Files

master d0a7b88398 move docs/**/archived/* to docs-archived/**/*

2026-01-05 16:02:11 +02:00

15 KiB

Raw Blame History

Below are internal guidelines for Stella Ops Product Managers and Development Managers for the capability: Knowledge Snapshots / Time‑Travel Replay. This is written as an implementable operating standard (not a concept note).

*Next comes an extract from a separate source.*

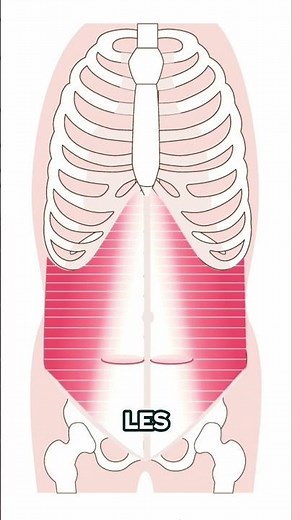 Découvrez des muscles stabilisateurs... si IMPORTANTS!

Knowledge Snapshots / Time‑Travel Replay

Product and Engineering Guidelines for Stella Ops

1) Purpose and value proposition

What this capability must achieve

Enable Stella Ops to reproduce any historical risk decision (scan result, policy evaluation, verdict) deterministically, using a cryptographically bound snapshot of the exact knowledge inputs that were available at the time the decision was made.

Why customers pay for it

This capability is primarily purchased for:

Auditability: “Show me what you knew, when you knew it, and why the system decided pass/fail.”
Incident response: reproduce prior posture using historical feeds/VEX/policies and explain deltas.
Air‑gapped / regulated environments: deterministic, offline decisioning with attested knowledge state.
Change control: prove whether a decision changed due to code change vs knowledge change.

Core product promise

For a given artifact and snapshot:

Same inputs → same outputs (verdict, scores, findings, evidence pointers), or Stella Ops must clearly declare the precise exceptions.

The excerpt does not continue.